=== Begin Enclosure ===

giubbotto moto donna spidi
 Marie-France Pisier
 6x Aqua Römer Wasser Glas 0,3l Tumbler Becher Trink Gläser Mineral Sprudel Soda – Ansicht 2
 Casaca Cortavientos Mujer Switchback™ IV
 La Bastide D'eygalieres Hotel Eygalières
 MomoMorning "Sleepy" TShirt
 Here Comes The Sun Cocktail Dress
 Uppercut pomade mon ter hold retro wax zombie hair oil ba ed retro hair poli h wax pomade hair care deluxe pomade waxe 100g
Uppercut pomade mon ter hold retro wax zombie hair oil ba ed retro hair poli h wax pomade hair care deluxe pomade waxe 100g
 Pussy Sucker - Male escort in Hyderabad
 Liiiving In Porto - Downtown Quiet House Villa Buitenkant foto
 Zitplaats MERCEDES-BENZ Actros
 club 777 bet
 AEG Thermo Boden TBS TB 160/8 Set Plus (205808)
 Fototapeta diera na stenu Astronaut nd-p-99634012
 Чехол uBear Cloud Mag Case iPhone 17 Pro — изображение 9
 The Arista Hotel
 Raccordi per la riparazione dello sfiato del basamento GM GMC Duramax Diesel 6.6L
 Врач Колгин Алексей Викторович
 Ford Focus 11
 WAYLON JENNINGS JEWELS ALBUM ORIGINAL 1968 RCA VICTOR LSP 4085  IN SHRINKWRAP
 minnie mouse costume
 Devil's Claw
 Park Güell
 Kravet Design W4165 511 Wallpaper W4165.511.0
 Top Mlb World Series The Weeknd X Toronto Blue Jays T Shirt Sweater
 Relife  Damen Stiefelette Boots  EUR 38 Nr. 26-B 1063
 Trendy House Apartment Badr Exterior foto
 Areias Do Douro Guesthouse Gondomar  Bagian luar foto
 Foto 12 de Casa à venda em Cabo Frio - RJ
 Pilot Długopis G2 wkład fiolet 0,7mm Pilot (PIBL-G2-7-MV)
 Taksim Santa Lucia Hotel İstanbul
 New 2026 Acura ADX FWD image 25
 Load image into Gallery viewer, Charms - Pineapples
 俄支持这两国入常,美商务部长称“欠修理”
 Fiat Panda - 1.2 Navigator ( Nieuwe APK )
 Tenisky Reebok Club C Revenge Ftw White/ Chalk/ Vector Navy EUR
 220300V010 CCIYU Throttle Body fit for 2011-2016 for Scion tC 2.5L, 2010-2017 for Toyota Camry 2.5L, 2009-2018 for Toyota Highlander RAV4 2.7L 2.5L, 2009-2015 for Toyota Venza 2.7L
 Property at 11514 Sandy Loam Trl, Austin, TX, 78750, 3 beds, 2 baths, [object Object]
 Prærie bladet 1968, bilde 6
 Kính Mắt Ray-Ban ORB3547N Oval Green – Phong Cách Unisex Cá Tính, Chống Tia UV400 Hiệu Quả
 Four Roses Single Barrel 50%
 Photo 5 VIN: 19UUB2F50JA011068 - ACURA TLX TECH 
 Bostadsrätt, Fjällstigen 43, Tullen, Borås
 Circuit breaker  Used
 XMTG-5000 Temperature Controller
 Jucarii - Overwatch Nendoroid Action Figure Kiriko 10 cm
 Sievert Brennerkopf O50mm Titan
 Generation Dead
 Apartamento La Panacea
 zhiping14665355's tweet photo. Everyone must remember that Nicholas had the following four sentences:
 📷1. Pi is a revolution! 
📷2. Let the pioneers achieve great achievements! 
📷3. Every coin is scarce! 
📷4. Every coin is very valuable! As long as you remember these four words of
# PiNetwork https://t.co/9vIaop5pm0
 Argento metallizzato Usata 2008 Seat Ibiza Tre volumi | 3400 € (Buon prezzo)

=== End Enclosure ===

YOUR ASSIGNMENT:
Each of the records should be written out again, exactly as it reads.

SOLUTION TO THE PROBLEM:
giubbotto moto donna spidi
 Marie-France Pisier
 6x Aqua Römer Wasser Glas 0,3l Tumbler Becher Trink Gläser Mineral Sprudel Soda – Ansicht 2
 Casaca Cortavientos Mujer Switchback™ IV
 La Bastide D'eygalieres Hotel Eygalières
 MomoMorning "Sleepy" TShirt
 Here Comes The Sun Cocktail Dress
 Uppercut pomade mon ter hold retro wax zombie hair oil ba ed retro hair poli h wax pomade hair care deluxe pomade waxe 100g
Uppercut pomade mon ter hold retro wax zombie hair oil ba ed retro hair poli h wax pomade hair care deluxe pomade waxe 100g
 Pussy Sucker - Male escort in Hyderabad
 Liiiving In Porto - Downtown Quiet House Villa Buitenkant foto
 Zitplaats MERCEDES-BENZ Actros
 club 777 bet
 AEG Thermo Boden TBS TB 160/8 Set Plus (205808)
 Fototapeta diera na stenu Astronaut nd-p-99634012
 Чехол uBear Cloud Mag Case iPhone 17 Pro — изображение 9
 The Arista Hotel
 Raccordi per la riparazione dello sfiato del basamento GM GMC Duramax Diesel 6.6L
 Врач Колгин Алексей Викторович
 Ford Focus 11
 WAYLON JENNINGS JEWELS ALBUM ORIGINAL 1968 RCA VICTOR LSP 4085  IN SHRINKWRAP
 minnie mouse costume
 Devil's Claw
 Park Güell
 Kravet Design W4165 511 Wallpaper W4165.511.0
 Top Mlb World Series The Weeknd X Toronto Blue Jays T Shirt Sweater
 Relife  Damen Stiefelette Boots  EUR 38 Nr. 26-B 1063
 Trendy House Apartment Badr Exterior foto
 Areias Do Douro Guesthouse Gondomar  Bagian luar foto
 Foto 12 de Casa à venda em Cabo Frio - RJ
 Pilot Długopis G2 wkład fiolet 0,7mm Pilot (PIBL-G2-7-MV)
 Taksim Santa Lucia Hotel İstanbul
 New 2026 Acura ADX FWD image 25
 Load image into Gallery viewer, Charms - Pineapples
 俄支持这两国入常,美商务部长称“欠修理”
 Fiat Panda - 1.2 Navigator ( Nieuwe APK )
 Tenisky Reebok Club C Revenge Ftw White/ Chalk/ Vector Navy EUR
 220300V010 CCIYU Throttle Body fit for 2011-2016 for Scion tC 2.5L, 2010-2017 for Toyota Camry 2.5L, 2009-2018 for Toyota Highlander RAV4 2.7L 2.5L, 2009-2015 for Toyota Venza 2.7L
 Property at 11514 Sandy Loam Trl, Austin, TX, 78750, 3 beds, 2 baths, [object Object]
 Prærie bladet 1968, bilde 6
 Kính Mắt Ray-Ban ORB3547N Oval Green – Phong Cách Unisex Cá Tính, Chống Tia UV400 Hiệu Quả
 Four Roses Single Barrel 50%
 Photo 5 VIN: 19UUB2F50JA011068 - ACURA TLX TECH 
 Bostadsrätt, Fjällstigen 43, Tullen, Borås
 Circuit breaker  Used
 XMTG-5000 Temperature Controller
 Jucarii - Overwatch Nendoroid Action Figure Kiriko 10 cm
 Sievert Brennerkopf O50mm Titan
 Generation Dead
 Apartamento La Panacea
 zhiping14665355's tweet photo. Everyone must remember that Nicholas had the following four sentences:
 📷1. Pi is a revolution! 
📷2. Let the pioneers achieve great achievements! 
📷3. Every coin is scarce! 
📷4. Every coin is very valuable! As long as you remember these four words of
# PiNetwork https://t.co/9vIaop5pm0
 Argento metallizzato Usata 2008 Seat Ibiza Tre volumi | 3400 € (Buon prezzo)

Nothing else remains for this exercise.